駿河に入った氏康は、いないハズの義元の軍が目の前にいることにびっくりします。
同時に、武田軍が富士川に出陣しており、氏康は挟撃の危機に瀕します。
そこに白旗を持った太原崇孚が現われて、講和の話を持ち出されれば、乗らない方が嘘になるでしょう。
天文23年(1554年)3月、太原崇孚と建乗が講和をすすめ、「甲相駿三国同盟」が達成されます。
義元は籠城好きな穴熊北条を遂に攻略したのであります。
天文6年「第1次河東一乱」から17年、義元が描いていた三国同盟の達成です。
■もし、北条氏綱が強情でなかったなら!?
もし、北条氏綱が強情を張らずにいたなら、義元の敵は織田信秀・信長ではなく、松平清康(徳川家康の父)がライバルになっていたかもしれません。
義元の脳裏に『天下布武』はありません。
もしそうなら、北条氏康を討って、相模に雪崩れ込むことでしょう。むしろ、頼りになる盟友を増やすことに意義を感じていたように思えてなりません。
室町幕府を再建するには、天下に轟く武力を必要とされます。
幕府を再興し、幕府に逆らう者のみ討伐する。その為の三国同盟であり、三国の武力を合わせて天下一の『武』としたのかもしれません。
上杉謙信は『義』の人物と言われるますから、当然、幕府に従い、武田信玄・上杉謙信が二人並んで奥州討伐という光景が見れたかもしれません。
考えれば、ワクワクしますね。
いずれにしろ、義元の構想は、北条氏綱によって大きく後退させられ、最強のライバル織田信長が育つ時間を与えます。
義元と信長の対決は、圧倒的に義元有利に進んで往きます。
味方の道三を失い、家中は分裂し尾張の半分ほどしか制しておりません。背後には義龍が狙っており、兵力差は4倍以上違います。
しかし、桶狭間の戦いで何故!?
信長が勝つことができたのかは、未だに謎のままなのです。
■穴熊とは?
将棋の戦略に、玉を最初に囲い、後にその他の駒で一気に攻める戦法を穴熊戦法と呼びます。

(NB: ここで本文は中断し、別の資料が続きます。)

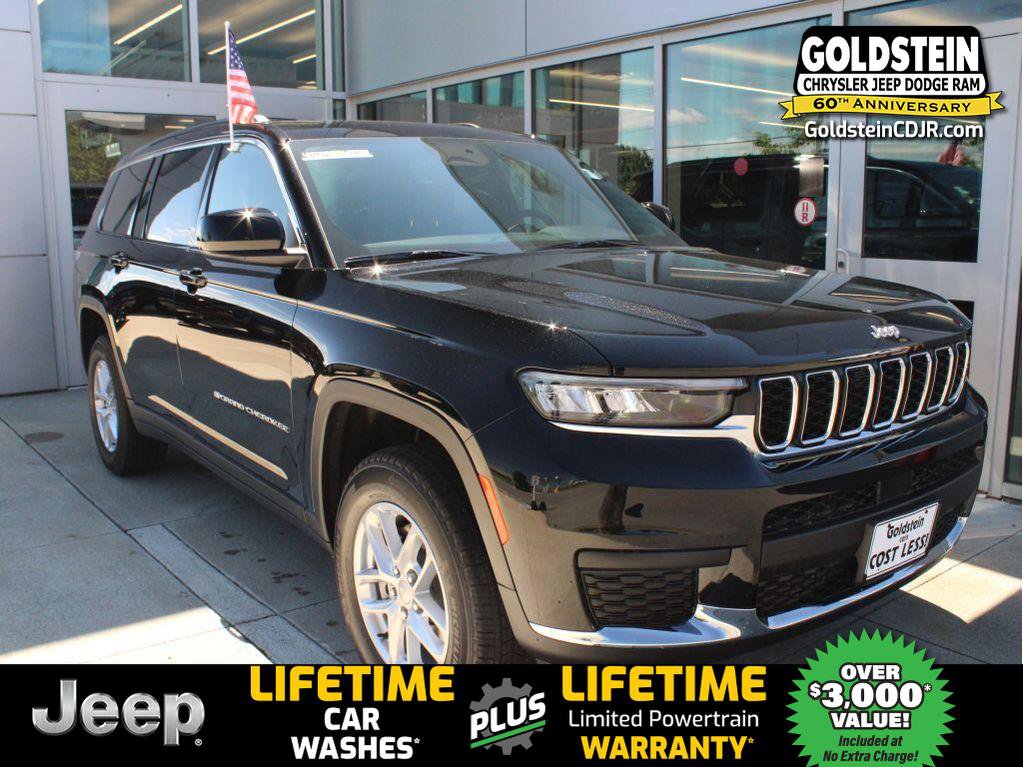 New 2025 Jeep Grand Cherokee L Laredo image 1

北条の戦略は、責められたときは城に籠って籠城をします。そして、各支城から援軍が集まり、一気に敵を蹴散らすという手法を取っております。
騎馬軍団で有名な武田騎馬隊と称されますが、武田信玄の時代で騎馬兵含有率8%くらいで、北条氏康の時代でく騎馬兵含有率は10%程度と北条の方が多いくらいです。ただ、歴史的文献からの算出ではありませんせんから、定かではありません。
『甲陽軍鑑』の元亀2年の河窪信実に宛てた軍役定書で騎馬3、鉄砲5、持鑓5、長刀5、長柄10、弓2、旗3となっており、戦場での騎馬率は1割を下回っております。
ただ、武蔵の国は、平原で馬の移動が便利な土地柄と鎌倉時代の新田騎馬武者と言われますように、騎馬武者と言えば、「坂東武者」のことでしょう。
平将門の坂東大乱や平安末期のように馬上で弓を射る時代では無くなっていましたから、どうやって戦っていたかは不明です。
北条家は槍の長さが二間半(4.5メートル)と短く、防御を考えない接近用です。
移動に騎馬を用い、乱戦のおりは下馬して戦っていたのかもしれません。
八幡台菩薩の旗を掲げる黄色備えはでは、綱成は部下たちに突撃に際して「勝った! 勝った!」と叫ぶ、『勝鬨戦術』というのを使っていたそうです。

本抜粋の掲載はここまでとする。